* [Problem]: Using the data that follows, output only the lines from the line with "4 Haverton Court" up to and including the line with "Travel, summer holidays", exactly, leaving pictures aside.

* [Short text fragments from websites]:

[Start of Attachment]

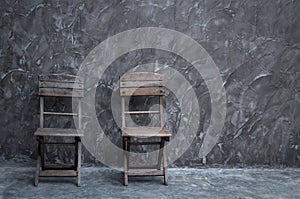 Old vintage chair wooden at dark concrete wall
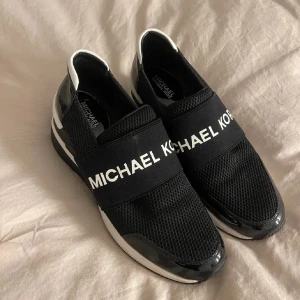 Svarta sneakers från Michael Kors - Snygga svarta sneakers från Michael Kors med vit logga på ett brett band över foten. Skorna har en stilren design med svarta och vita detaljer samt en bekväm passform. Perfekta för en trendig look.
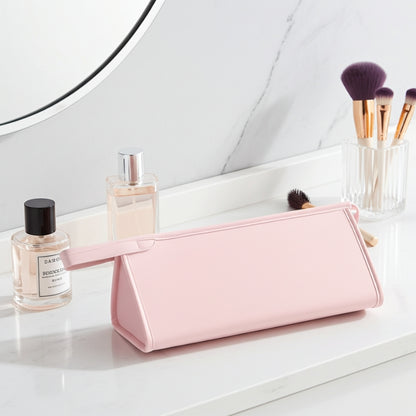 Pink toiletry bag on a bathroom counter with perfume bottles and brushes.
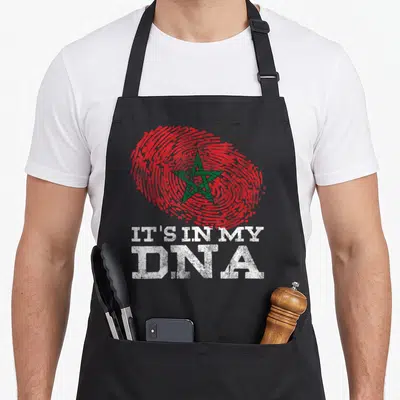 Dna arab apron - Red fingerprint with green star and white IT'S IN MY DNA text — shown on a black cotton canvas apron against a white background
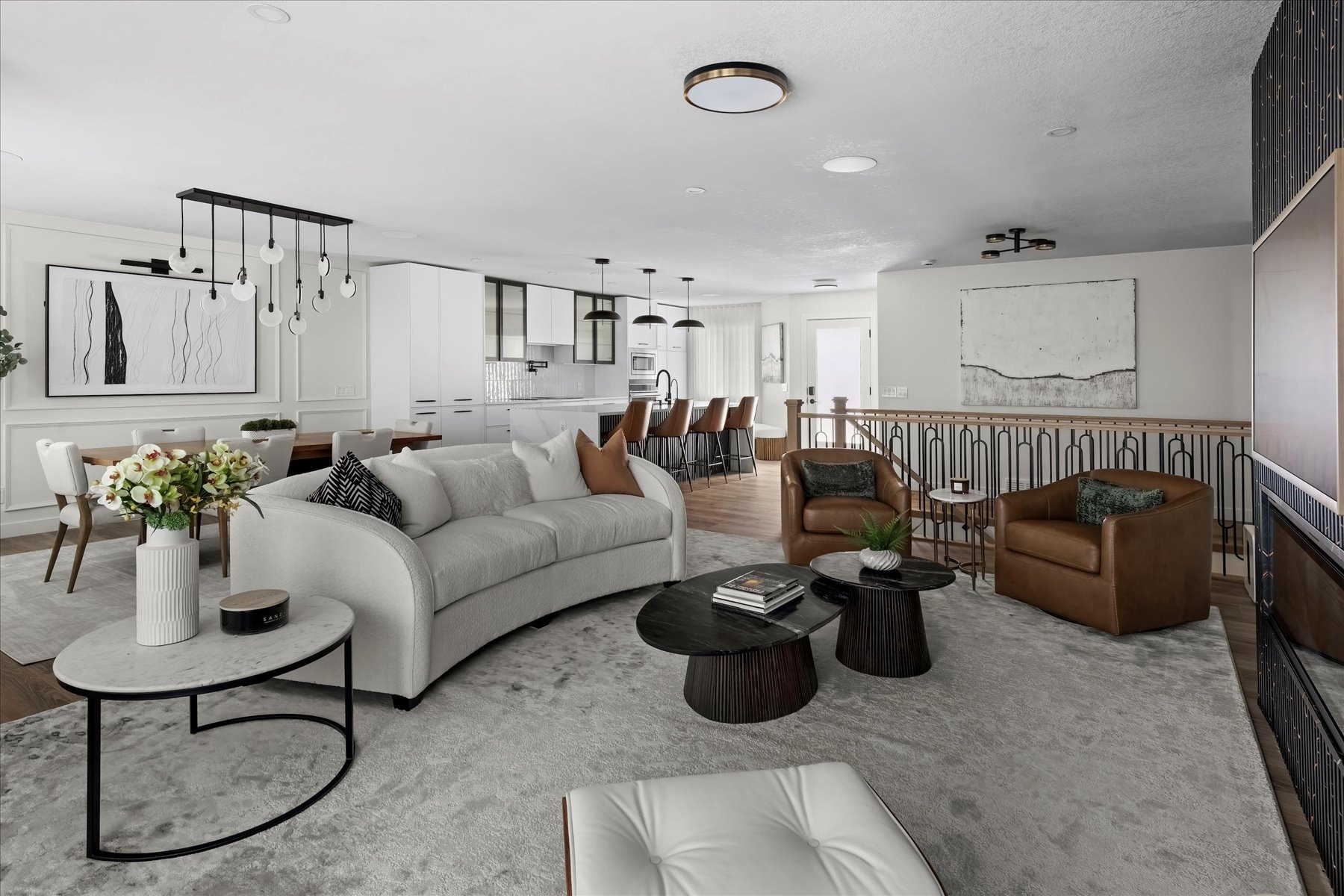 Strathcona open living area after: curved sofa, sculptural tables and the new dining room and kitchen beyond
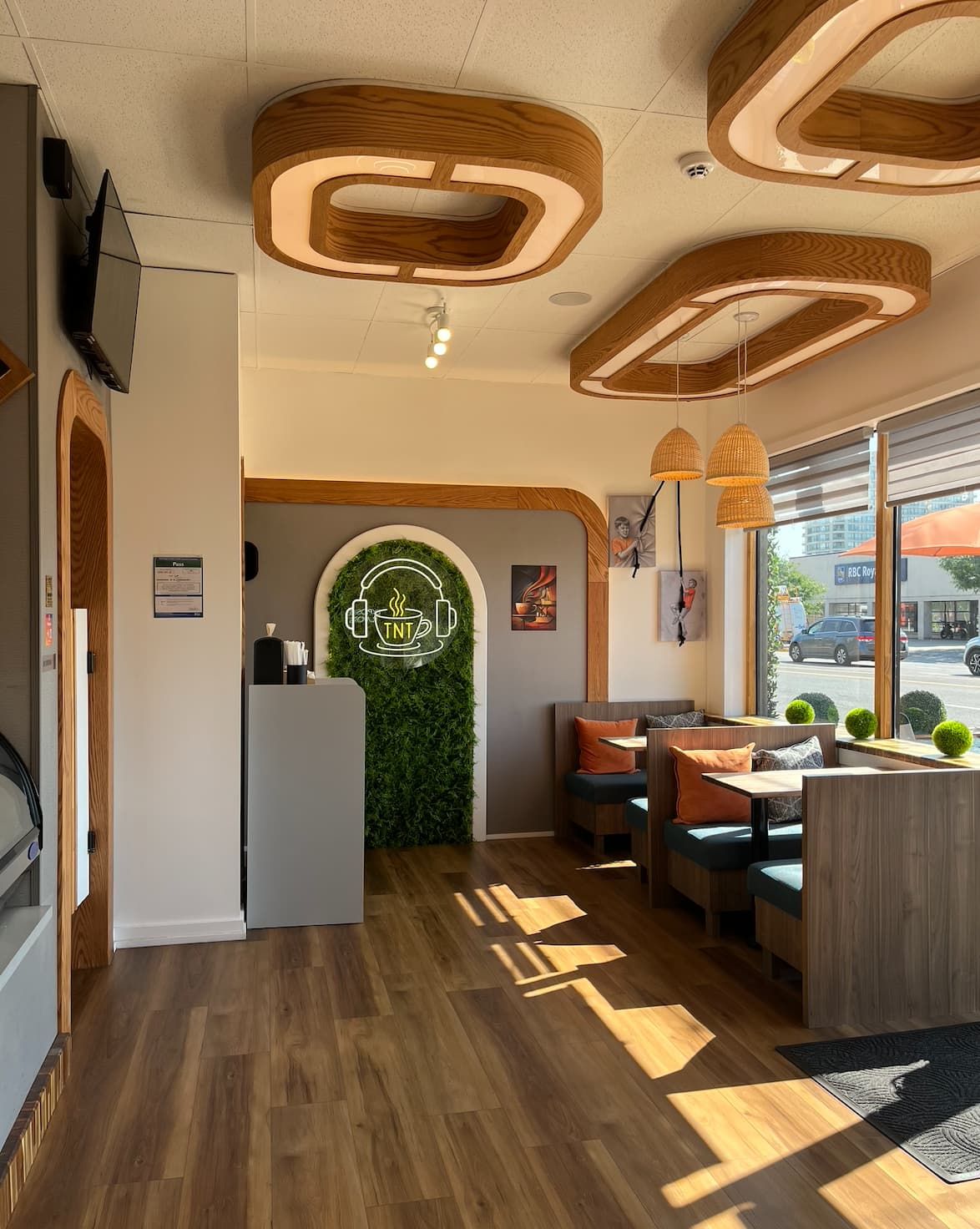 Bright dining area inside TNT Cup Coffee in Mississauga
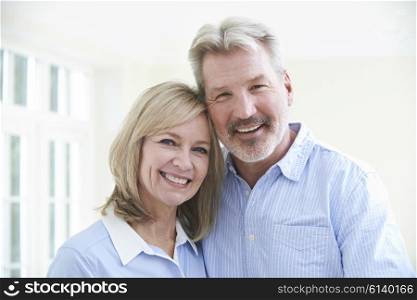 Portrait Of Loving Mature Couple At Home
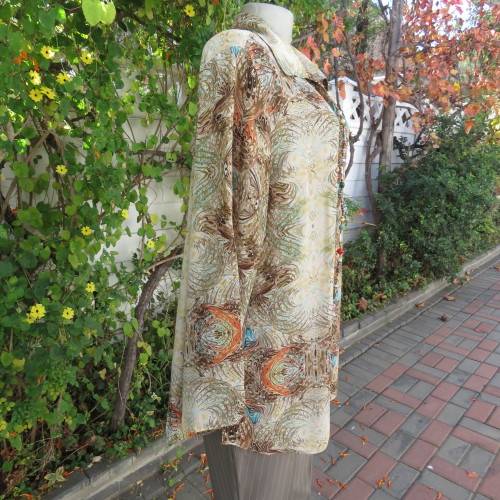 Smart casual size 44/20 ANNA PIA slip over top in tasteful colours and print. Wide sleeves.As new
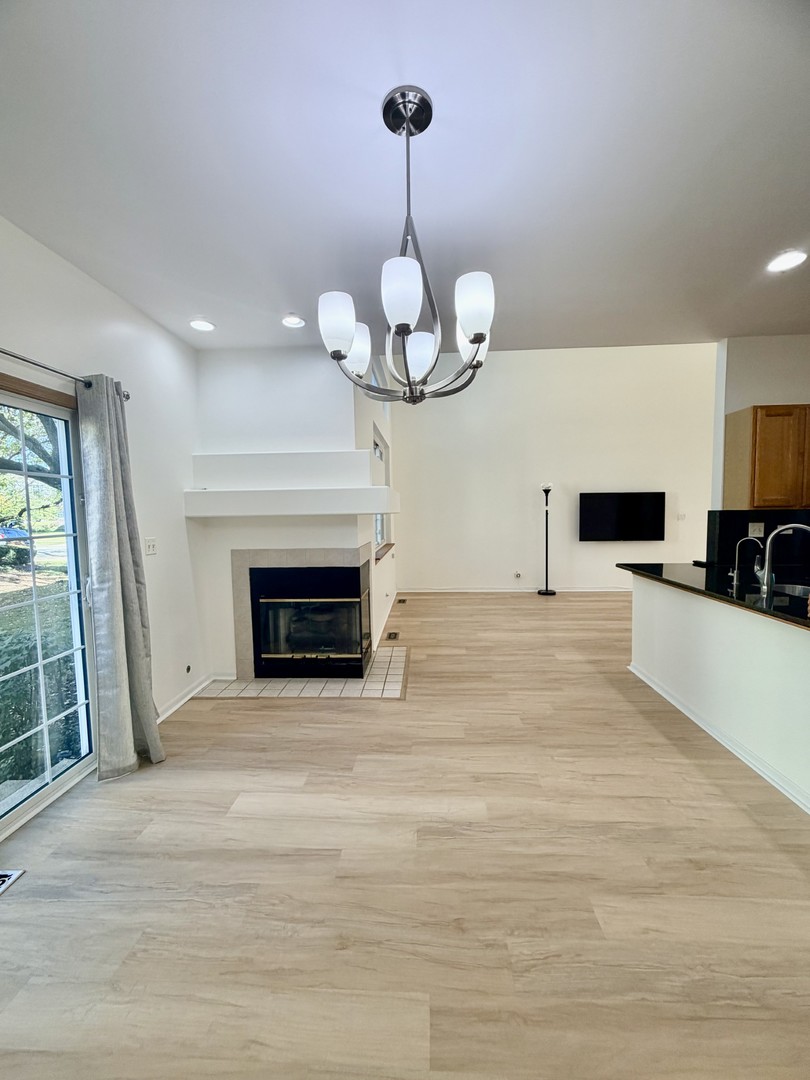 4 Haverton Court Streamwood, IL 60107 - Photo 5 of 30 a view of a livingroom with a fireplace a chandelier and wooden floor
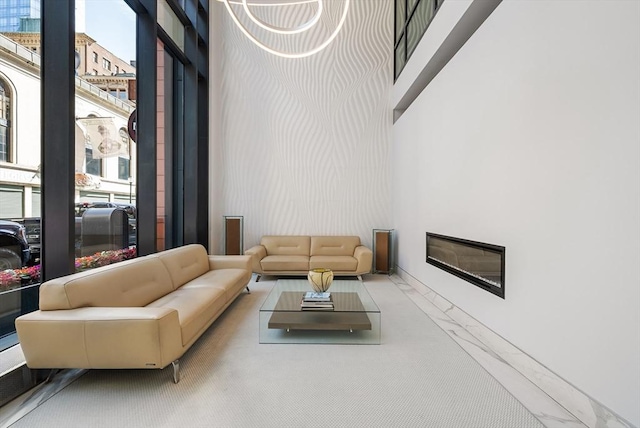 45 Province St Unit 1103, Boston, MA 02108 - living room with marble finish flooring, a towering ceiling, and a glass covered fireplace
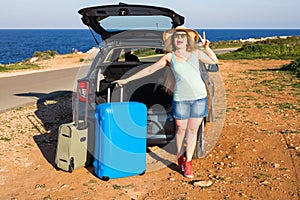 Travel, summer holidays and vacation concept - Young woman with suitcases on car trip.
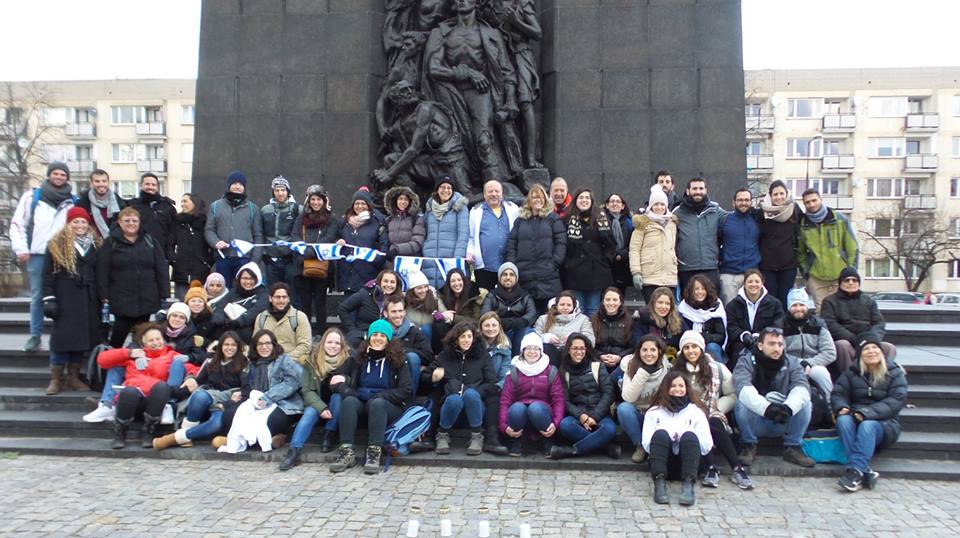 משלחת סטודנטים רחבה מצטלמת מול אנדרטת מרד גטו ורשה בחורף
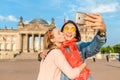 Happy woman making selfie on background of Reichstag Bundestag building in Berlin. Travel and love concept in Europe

[End of Attachment]

* [Your solution]:
 4 Haverton Court Streamwood, IL 60107 - Photo 5 of 30 a view of a livingroom with a fireplace a chandelier and wooden floor
 45 Province St Unit 1103, Boston, MA 02108 - living room with marble finish flooring, a towering ceiling, and a glass covered fireplace
 Travel, summer holidays and vacation concept - Young woman with suitcases on car trip.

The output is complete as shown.